私はこの本を読んで線形代数はマスターしたという実感を持った。今、この本が売られているのかと思って検索してみると、まだ絶版ならず売られているようである。初版が1979年だから息の長い本である。それだけ名著ということだろうか。この本はアメリカ(?)の教科書でよくあることだが丁寧な説明でわかりやすい本である。

私が線形代数に初めて触れたのは高校3年生のとき【解放の手びき】の代数幾何の部分を読んでいるときだった。解放の手びきは前に書いたように非常な喜びを持って読んでいたのだが、行列の箇所だけはさっぱり面白くなかった。いったい全体なんのためにこんな行と列を掛け合わせる計算をしなければいけないのかと思い全く興味が持てなかった。そして大学に入学すると線形代数は大学1年のとき必須だった。担当した教官は全くやる気のない人でただ黒板に数式を書いておしまいという、大学の先生によくあるパターンの人だった。まあ今から考えれば、講義をするということで報酬を得ているのに、明らかに職務怠慢であり、まあ詐欺罪が明らかに成立すると思う。確か鈴木とかいう先生だった気がするが。まあいいや。ただ、たとえどんな立派な講義があっても私は授業を聞かなかっただろう。すでに高校生の頃から講義を聞くという癖がなくなっていたのだ。私は日々ラグビーの練習に明け暮れた。大学1年の夏に、今でも売っていると思うが岩波書店の理工系の数学入門コースの【微分積分】(これはまだ持っている)と【行列と1次変換】(こっちは古本屋に売った)を買って読んだりした。大学生活で唯一勉強した時期かもしれない。だが【行列と1次変換】もわかるわからないというより全く面白くなかった(と思う)。ちなみにこの【理工系の数学入門コース】は数値計算を除いてすべて買ってそれなりに読んだが、あまりいい印象は残っていない。そんなこんなで大学1年の時は線形代数は単位を落とした(と思う)。そのせいで2単位足りず留年した。大学2年のときは何とかおそらく計算法だけ覚えて単位をとった。これを取らないと進級できないからである。

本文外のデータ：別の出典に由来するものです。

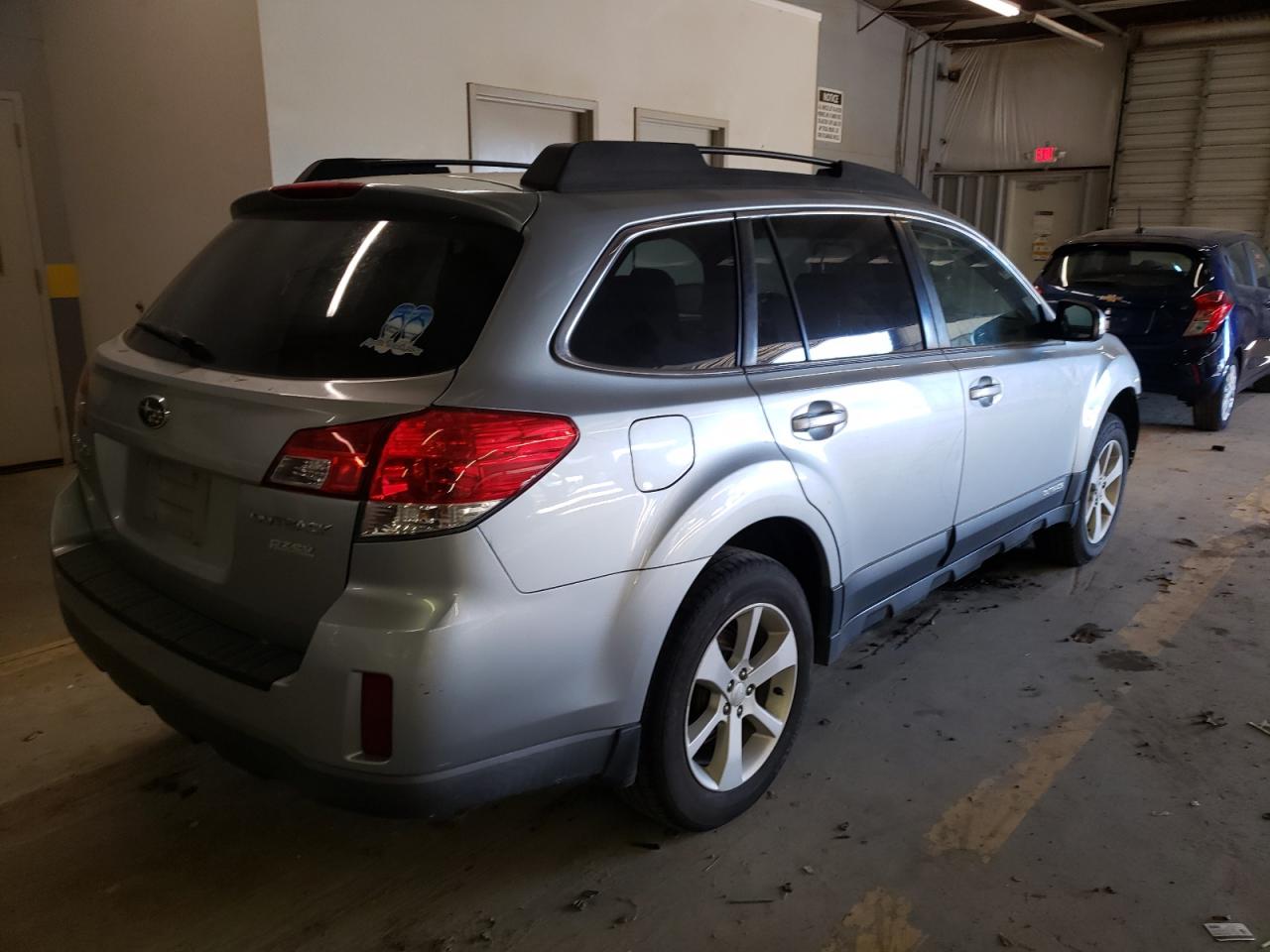 Изображение 3 2013 SUBARU OUTBACK 2.5I PREMIUM 2013 с VIN 4S4BRBCC6D3276327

そんなこんなでラグビーだけやって愉快に大学生活をすごしていたわけだが、大学4年目の11月にラグビー部も引退して暇になった。留年しているので、前から興味があった物理を知っとこうと思ってぱらぱらと本をねっ転がりながら読み始めた。そのころは歴史の本やら、哲学の本、数学の本などやたらと読んだ。広大な知識の世界にあこがれていたのだ。真理にあこがれていたのかもしれない。幸せな時期だった。正直いうが、物理を学ぶのに各分野1カ月くらいでマスターできると思っていた。力学に1カ月、電磁気学に1カ月、熱統計力学に1カ月、量子力学に1カ月、相対性理論に1カ月まあ半年ぐらいで物理の主要なものはマスターできると思っていた。そう考えたのは高校生の物理が私にとって容易だったからだ。その頃は物理の大学院に行こうなどと全く考えていなかった。そのまま農学部の院にいって2年間遊ぼうと思っていたのだ。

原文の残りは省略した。